Instructions for the task> Images are to be left out when the records below are printed word for word.

Short descriptive text snippets
☆ ☆ ☆ ☆
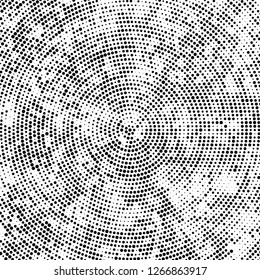 Halftone black and white radial texture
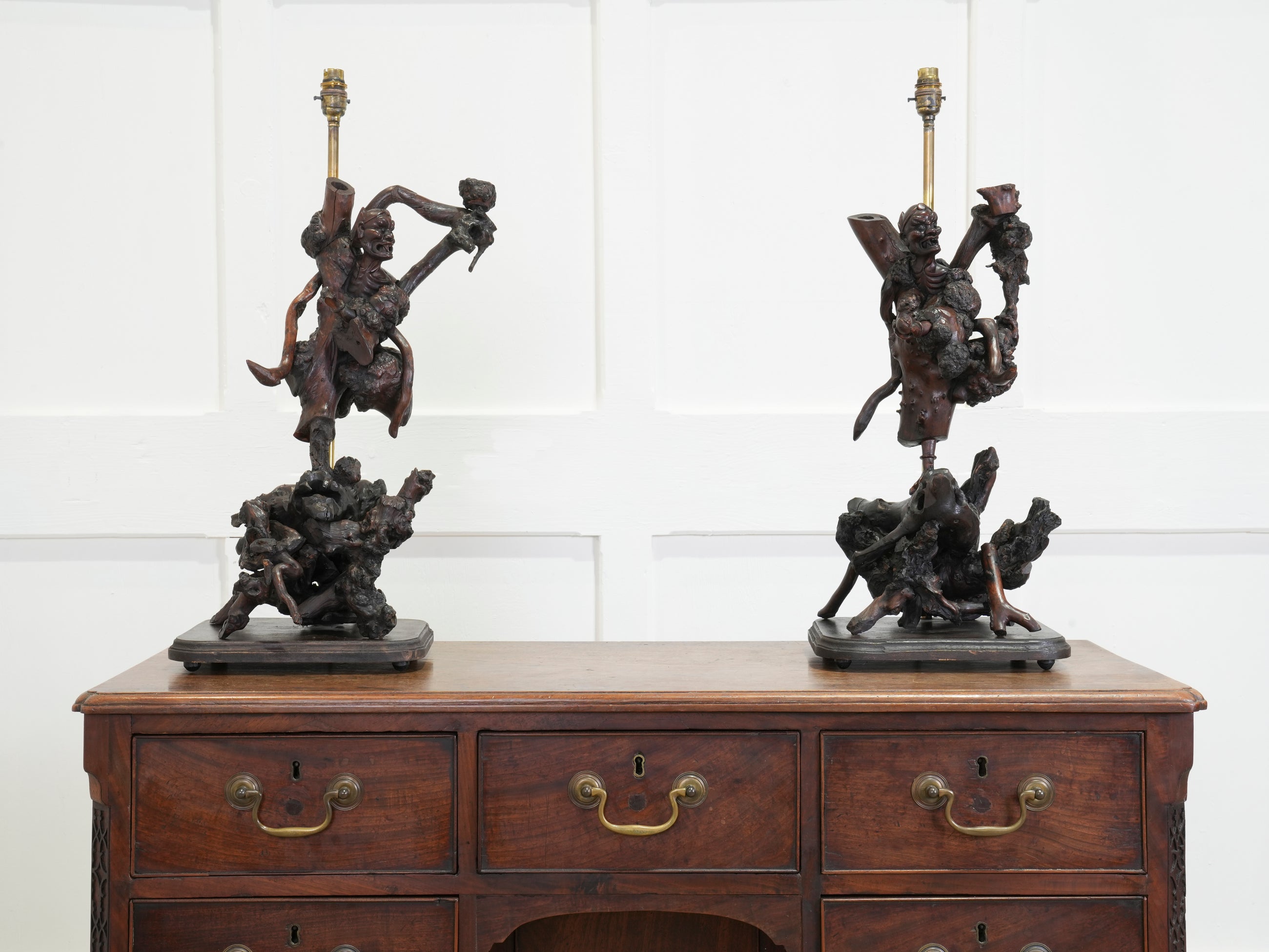 A Pair of Carved Chinese Vine Root Table Lamps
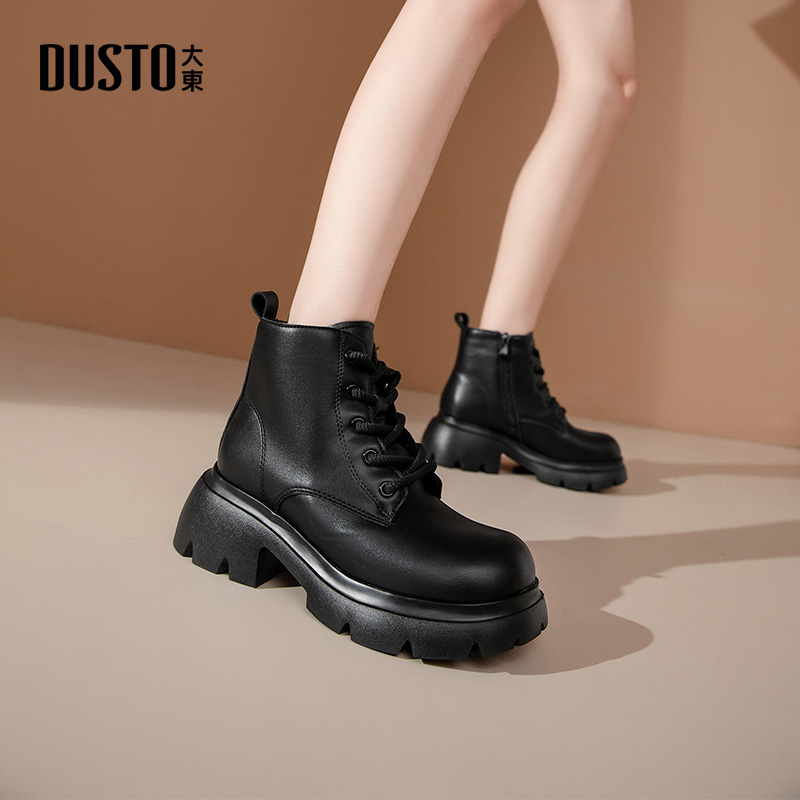 马丁靴时尚休闲粗跟侧拉链中跟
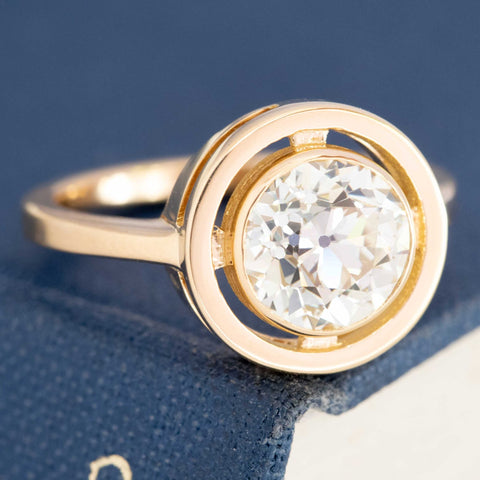 2.01ct Old European Cut Diamond Open Bezel Solitaire, GIA N VS2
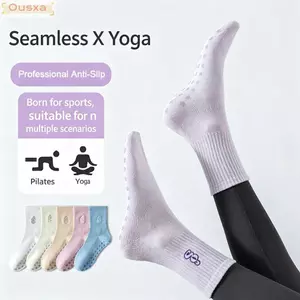 Tất Pilates OUSXA dành cho nữ, Tất tập Yoga chuyên nghiệp chống trượt bằng vải Cotton, Tất ống giữa co giãn cao thấm mồ hôi thoáng khí để tập thể dục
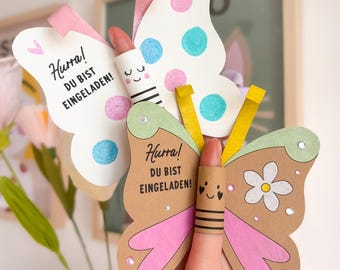 Finger Butterfly Invitation - PDF Print Template, Children's Birthday Invitation Card, Craft Template, Butterfly Lollipop Birthday Invitation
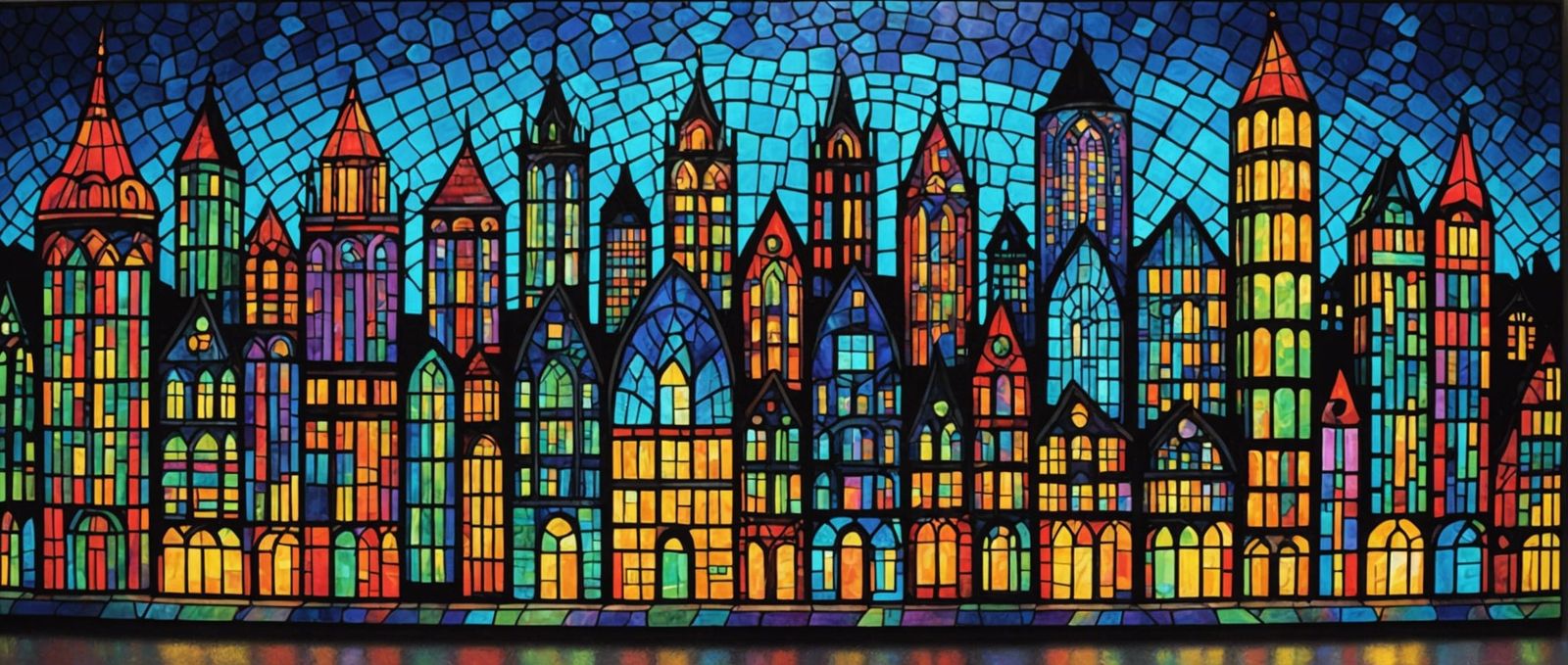 Glass City Fisheye View in Pointillism Style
☆ ☆ ☆ ☆
Task response>
 Halftone black and white radial texture
 A Pair of Carved Chinese Vine Root Table Lamps
 马丁靴时尚休闲粗跟侧拉链中跟
 2.01ct Old European Cut Diamond Open Bezel Solitaire, GIA N VS2
 Tất Pilates OUSXA dành cho nữ, Tất tập Yoga chuyên nghiệp chống trượt bằng vải Cotton, Tất ống giữa co giãn cao thấm mồ hôi thoáng khí để tập thể dục
 Finger Butterfly Invitation - PDF Print Template, Children's Birthday Invitation Card, Craft Template, Butterfly Lollipop Birthday Invitation
 Glass City Fisheye View in Pointillism Style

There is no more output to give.